Mumbai

Dayanita Singh

Captured at an angle, two adjacent doors appear to tilt, thrusting themselves into our line of vision. Suffused with a soft glow, they compete to entice viewers into alternative, equally mysterious, realms. This is Blue Book #2, one of thirty-six untitled images in “Blue Book,” 2009, Dayanita Singh’s series of photographs of industrial sites and deserted, down-at-the-heel interiors swaddled in shades of . . . you guessed it: blue. The deep indigo of corrugated rooftops in Blue Book #9, for example, vies for attention with the wide expanse of azure sky (punctuated with a teardrop-size white moon) in Blue Book #22.

The images of “Blue Book” owe their cerulean-tinted moodiness to the vagaries of daylight and color film—no digital manipulation was involved. Since this was the first time color had seeped into the Goa- and New Delhi–based photographer’s practice, the show would have been noteworthy even if there were nothing else to recommend it. But there was.

Despite her choice of tint (if sadness had a color, it would, of course, be blue), Singh did not wallow in sentimentality. Photographs of empty spaces throbbed with emotional intensity, but viewers never discovered why. In Blue Book #5, shafts of metallic light flood a paper factory. Stacked sheets of white paper stand suggestively in limbo next to one another, as if waiting to be elsewhere. But where are the workers? Were they hurriedly called away? Is this the aftermath of a catastrophe?
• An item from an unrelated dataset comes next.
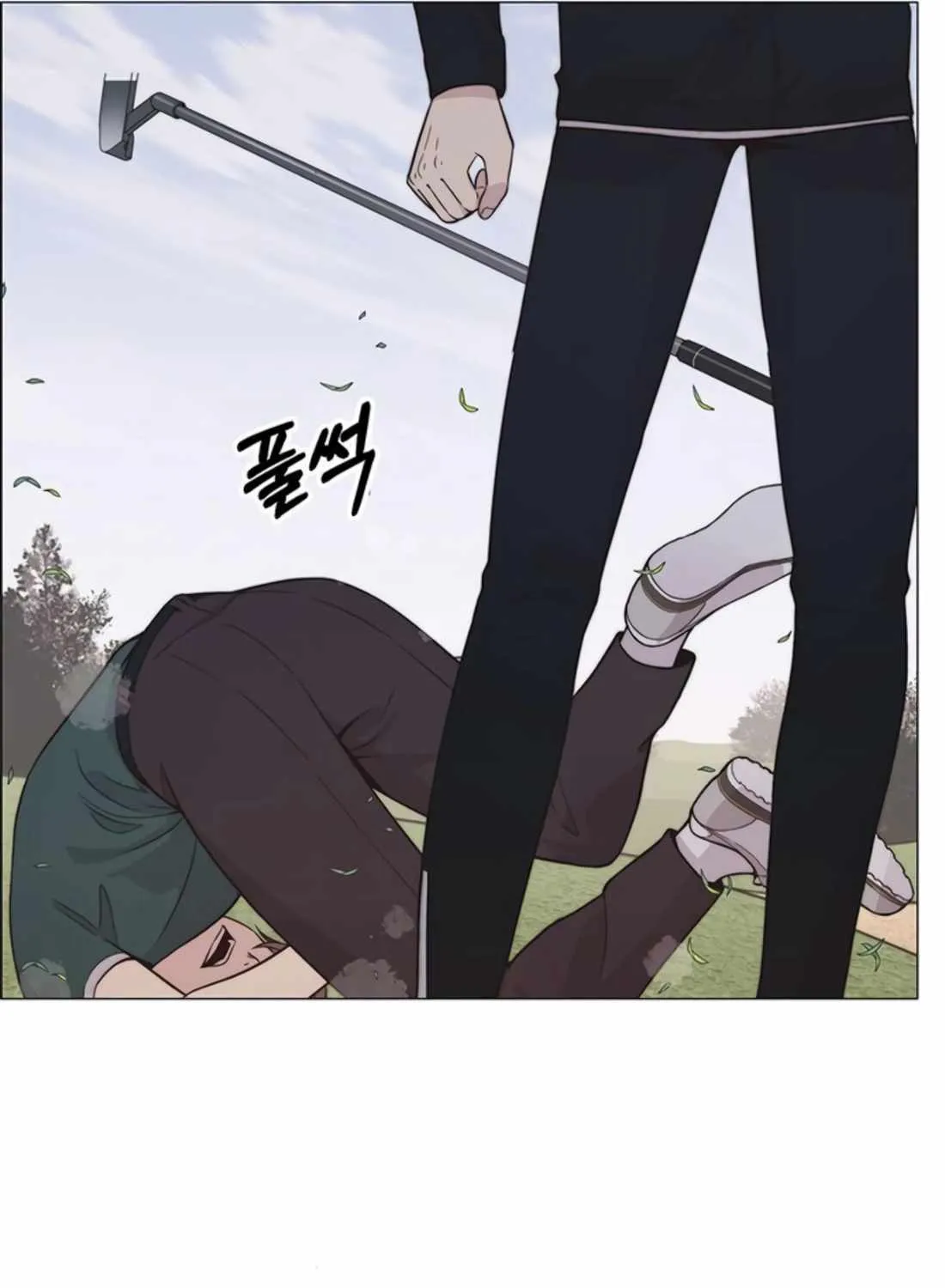 Chapter 179 — page 31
We speculate in vain, since Singh does not reveal where or when her photographs were taken—at twilight or dawn, in India or elsewhere.
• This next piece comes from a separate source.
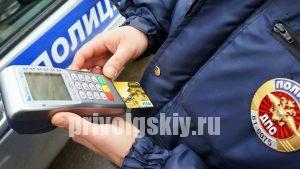Российских водителей ждет очередное повышение штрафов за нарушение ПДД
Her lens has veered between treating the photograph as a document and using it to capture the occasionally poetic synchronicity of things (and people). Singh’s early work was straightforwardly photojournalistic: The monochrome series “Myself Mona Ahmed,” 2001, accompanies a eunuch, Mona, to marriage and birth ceremonies and empathizes with her in the loss of her adopted child. But in the later sequence “Privacy,” 2004, Singh comes into her own, documentary the social milieu to which she belongs: that of the glitterati of Calcutta, Delhi, and Goa, preening in their glamorous homes. As bejeweled women cluster together for a family photograph, rush toward the camera in the company of well-matched dogs, or gaze haughtily out at us from amid their pretty, priceless possessions, they revel in their status as India’s “beautiful people.” Singh’s decorative presentation is not imposed on them, but merely corroborates their images of themselves—leaving the issue of our right to scrutinize their private lives safely out of the picture.
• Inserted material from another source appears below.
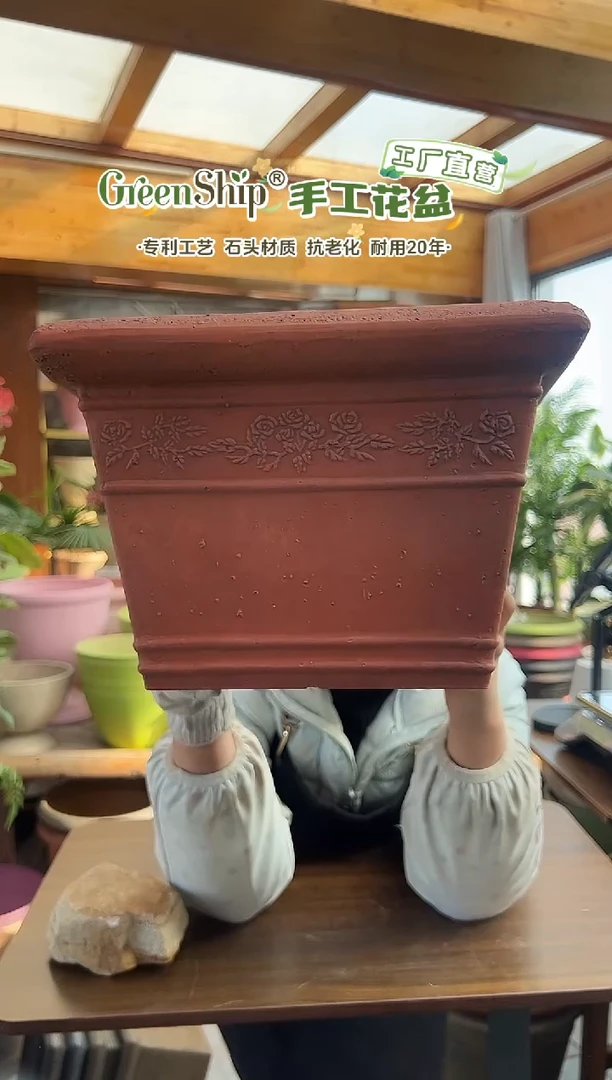 30*21.5/UK30/陶土色方形强体花盆外贸尾单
In “Blue Book,” too, Singh has tackled the ethics of looking. In the strongest images, the objects depicted seem to call their own shots, insisting that the artist’s gaze be counterbalanced by another. Often, this is achieved through the shrewdly varied sizes of the photographs. The farther away Singh stood to take a picture, the more intimacy the resulting photograph requests from the viewer; the converse holds true as well. So close-ups of interiors (rusty equipment in a hospital ward in Blue Book #33, an eye chart at an abandoned optician’s office in Blue Book #3, a table laden with blackened crockery in Blue Book #32) invariably loomed over us in large prints—forcing us to step back to observe them properly. Contrariwise, panoramas of far-off factories compelled a closer vantage point, thanks to their minute, gemhued details. In Blue Book #36, silvery factory buildings shrouded in a sapphire haze are threaded through with tiny amber lights; twinkling through the mist—or is it smog?—they seem to flutter like fireflies.